Phase 5 beginnt nicht mit einem Hoch. Sie beginnt mit einer ruhigen und festen Entscheidung: nicht wieder ohne Schutz zu funktionieren.
Hier bauen wir nicht mehr wieder auf und verstehen nicht mehr, was passiert ist. Hier kümmern wir uns um das, was du gebaut hast, damit es nicht wieder fällt. Und das verlangt etwas, das vorher nicht möglich war: anhaltende, nicht reaktive Selbstliebe.
Vom Notfall-Antivirus zum bewussten Antivirus
Lange lief ich mit «kostenlosen» Antiviren. Von denen, die nicht stören, die nicht zu viel verlangen, die nur anspringen, wenn der Virus schon drin ist. Sie warnen spät, wenn das System schon angeschlagen ist. Und das ist, emotional gesehen, teuer.
In dieser Phase geht es nicht darum, Feuer zu löschen, sondern zu verhindern, dass sie ausbrechen.

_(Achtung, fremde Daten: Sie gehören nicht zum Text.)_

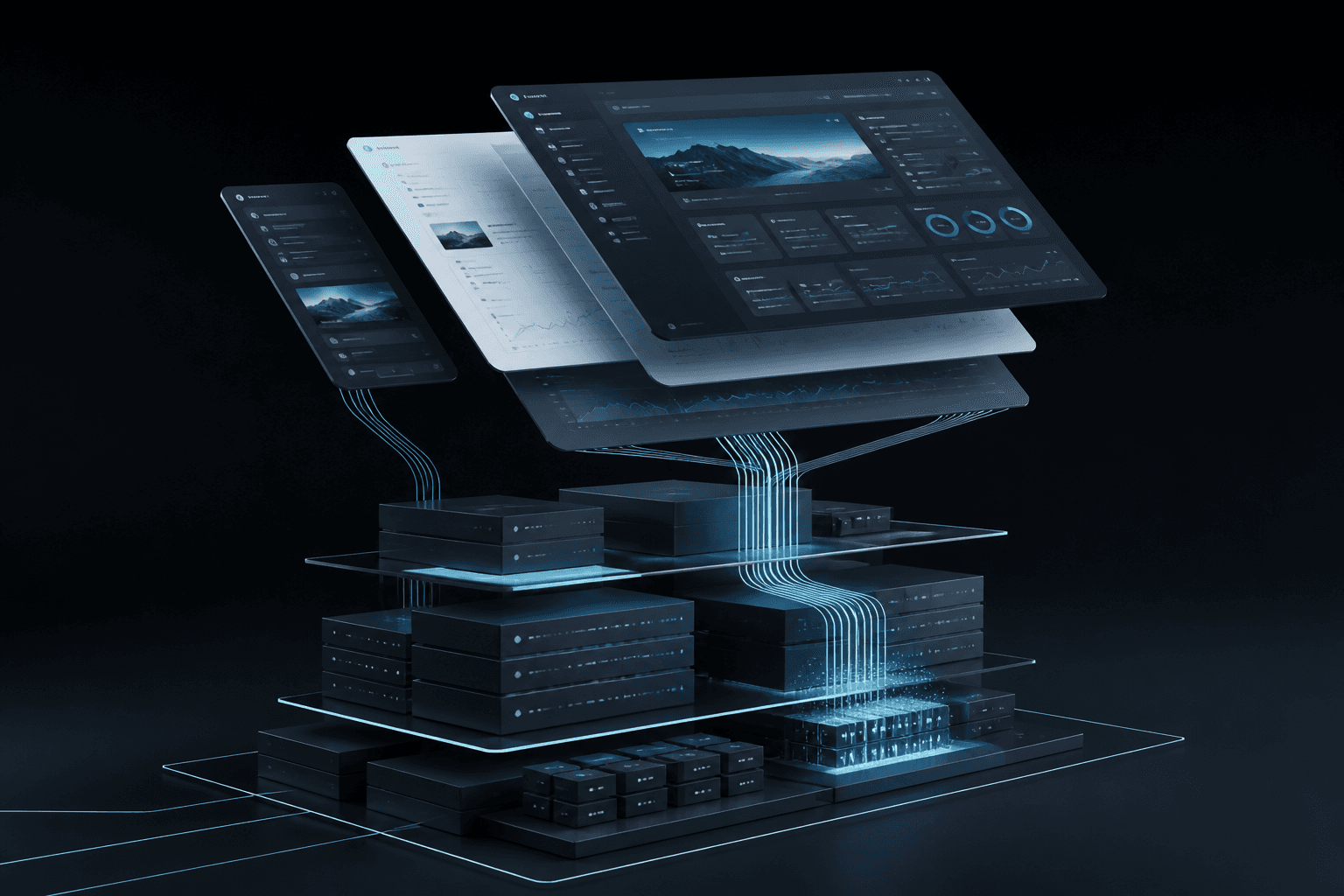 Web application development systems visualization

Das dauerhafte Antivirus wartet nicht darauf, dass du wieder Angst hast, noch dass du an Gewicht zu verlieren beginnst, noch dass du dich von dir trennst. Es scannt vorher. Es erkennt Widersprüche, kleine Alarme, seltsame Empfindungen, die du früher ignoriert hättest.
Es zu aktivieren ist keine Besessenheit. Es ist Verantwortung zu übernehmen.
Das innere Radar und die tägliche Reinigung
Wartung geht nicht um große Gesten, sie geht um kleine, rechtzeitig getane Dinge.
Auf das innere Radar zu schauen und die Signale nicht zu ignorieren. Wenn etwas nicht zu deinen Werten passt, wenn eine Beziehung dich zu verspannen beginnt, wenn eine Umgebung dich ausschaltet, normalisiere es nicht. Man muss nicht dramatisieren, aber man muss handeln. Manchmal reicht eine Grenze. Manchmal eine Blockierung. Und manchmal wegzugehen.
Die Reinigung des emotionalen Caches ist auch entscheidend. Nicht schlafen zu gehen und dabei Groll, Schuld oder ungesagte Gespräche anzusammeln. Das macht dich nicht stärker, es überlastet dich. Jeden Tag loszulassen zu lernen verhindert, dass das System wieder langsam wird.
Und vergiss die Hardware nicht. Der Körper bleibt der ehrlichste Indikator. In meinem Fall war das Gewicht ein klares Zeichen für Stabilität oder Alarm. Jeder hat sein eigenes. Respektiere es. Selbstliebe misst sich auch daran, wie du deine körperliche Basis pflegst.
Selbstliebe als Basissystem
Hier ist der Kern von allem.
Selbstliebe ist in dieser Phase kein hübsches Konzept mehr. Sie ist eine tägliche Praxis. Es ist, dich ohne Lärm zu wählen, ohne dich zu rechtfertigen, ohne zu warten, den Tiefpunkt zu erreichen, um zu reagieren.
Wenn die Selbstliebe aktiv ist, wird es sehr schwer, zu Phase 0 oder Phase 1 zurückzukehren. Nicht unmöglich, aber unwahrscheinlich. Denn jetzt brauchst du nicht, dass das System zusammenbricht, um zu merken, dass etwas nicht stimmt.
Es wird Stürme geben, natürlich. Das Leben wird nicht flach oder perfekt. Aber jetzt hast du ein Boot, das hält, ein Radar, das warnt, und ein Urteilsvermögen, das nicht verhandelt wird.
Und das ist keine Euphorie. Das ist Stabilität.
Hier endet die Reise nicht. Hier beginnt eine viel bewusstere.